Мысленно шлем привет одному нашему американскому другу, который сейчас, в преклонных годах, с особенною живостью и ласковостью вспоминает свое первое путешествие в качестве юнги на корабле. Этот же деятель рассказывал мне, как, в свою очередь, он послал внука своего одного, верхом, от Тихого Океана к Атлантике, чтобы приучить десятилетнего мальчика к полной самостоятельности. Наверное, где-то по намеченному пути была незримая забота о юном путешественнике, но все же он должен был выполнить задание, предоставленный своей находчивости и разумности. А ведь передвижение по Америке при необыкновенно сложном и насыщенном движении иногда бывает полным всякими неожиданностями. При этом было даже наставление, чтобы всадник не только хранил свое здоровье, но и привел бы коня в добром состоянии. Наверное, такая поездка останется в памяти на всю жизнь.

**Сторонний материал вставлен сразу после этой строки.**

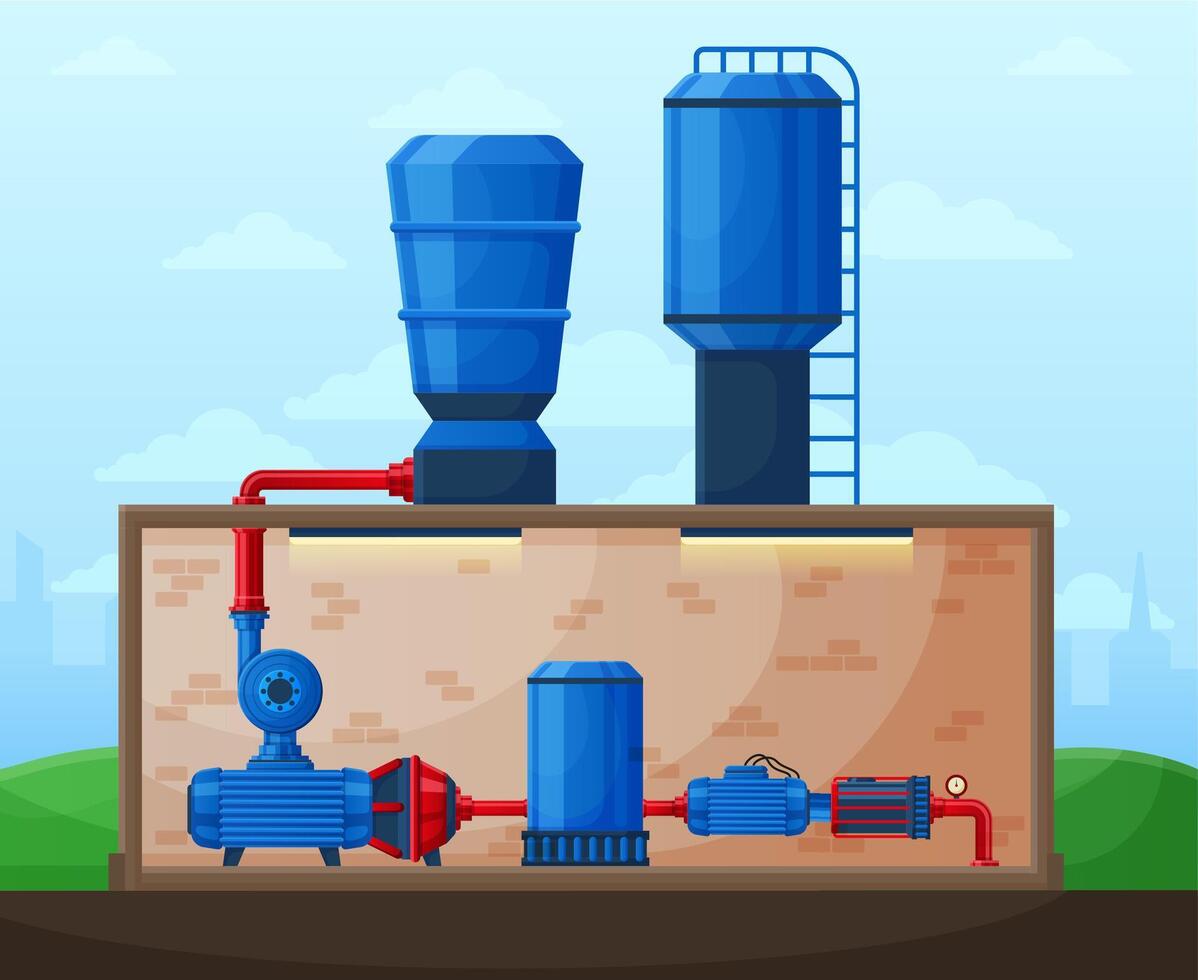 Industrial water pump station, water pumping technology. Factory water pumping compressor station process flat illustration. Water pumping motor system vector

Также все мы читали о молодых людях, бежавших в Америку за поисками новой жизни. И в таких случаях привлекало само передвижение, искание новых решений жизни, но все-таки это не было всегда нахождением желанного места, в котором хотелось бы сосредоточить труд и жизнь.
Иначе звучит рассказ об одном пятилетнем тибетском мальчике, который неоднократно, неудержимо уходил в какой-то свой дом. Малыш одевался как бы в дорогу. Привязывал себе на спину запас пищи и священную книгу, а затем находил удобный момент исчезнуть из дому. Когда же бросались его искать, то находили идущим по горным тропинкам. Его пробовали возвращать домой. Ему говорили, что он должен вернуться в дом свой. Но мальчик уверял, что он именно идет в свой настоящий дом, что дом, где он жил до сих пор, не его дом и что он должен спешить в свой настоящий дом, где он должен остаться. Мы проезжали это место как раз во время четвертого ухода этого мальчика и не знаем, чем это кончилось в будущем.

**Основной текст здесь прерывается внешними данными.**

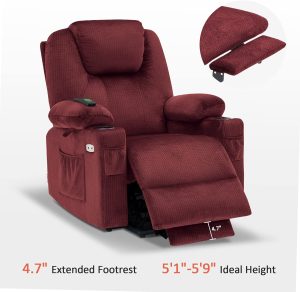 Extended footrest lift chair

Во всяком случае, это было какое-то непреодолимое влечение, и весьма возможно, что если оно осталось бы невыполненным, то малыш засох бы, как цветок без влаги. Изумительно было наблюдать, что пятилетний мальчуган так серьезно толковал о своем настоящем доме, в который он должен дойти.
Вот и Ливингстон, и Казати, и все те бесчисленные путники к дому своему, они засохли бы, если им не пришлось бы достичь своего назначения, так ясного их сердцу. При этом особенно поразительно то обстоятельство, что эти устремленные не искали только благорастворения природы, не стремились к какому-то благоустроенному жилью. Наоборот, их дом, их свой дом, бывал очень труден. Такой желанный дом бывал часто почти непереносим для их тела, и все же их дух ликовал и чувствовал себя в назначении.

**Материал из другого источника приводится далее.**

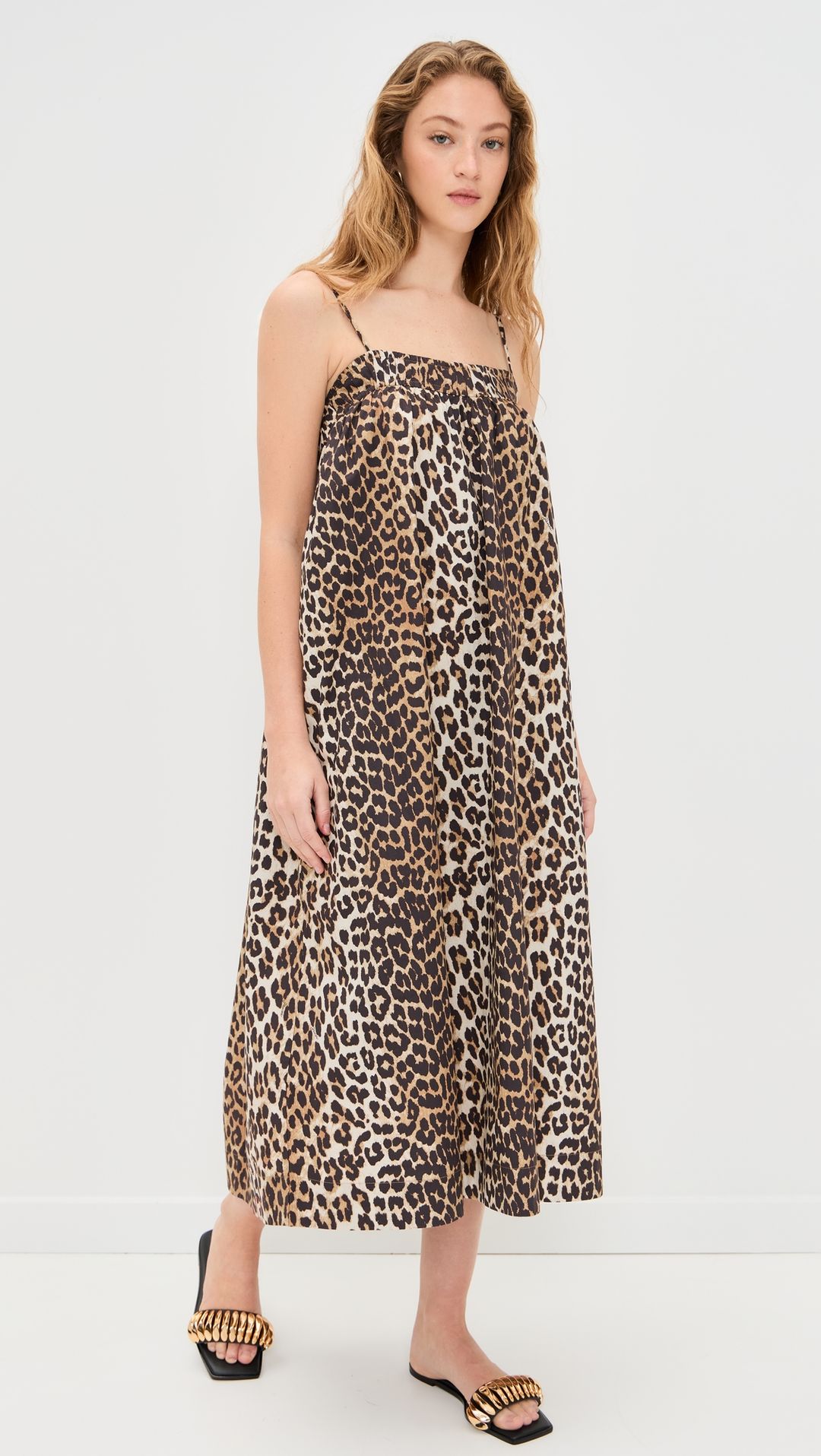 Printed Cotton Midi Strap Dress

«Не по хорошу мил, а по милу хорош». Эта поговорка заглядывает глубоко. В ней подчеркивается внутреннее значение, которое превышает все внешнее. Если такой путник нашел свой дом, то бывает губительно отрывать его оттуда по каким-то внешним обстоятельствам. Никакие повышения служебные, никакие заманчивые выгоды не могут возместить человеку найденного им своего дома. Он не сделается членом народа или племени, среди которого находится этот его необъяснимый дом. Он привлекается туда не столько людьми, сколько всеми прочими обстоятельствами бытия. Ведь когда человеку хорошо, то обычно он даже не может объяснить словами, почему ему хорошо. Иногда это хорошее чувствование возникает даже при очень трудных обстоятельствах.
Так же точно человек, встречая своих спутников или противников, часто не отдавая себе рассудочного объяснения, по глазам и по сердцу знает многое, что не может быть рассказано словами. Люди должны со всею бережностью относиться к таким влечениям. Они должны улавливать их даже в самых зачатках, чтобы не потушить и не раздробить их оковами рассудка. Если в человеке проснулось такое влечение, то можно извратить человека, можно навсегда его исковеркать, но ничем не удастся изъять из него то, что сердце его, что дух его знает.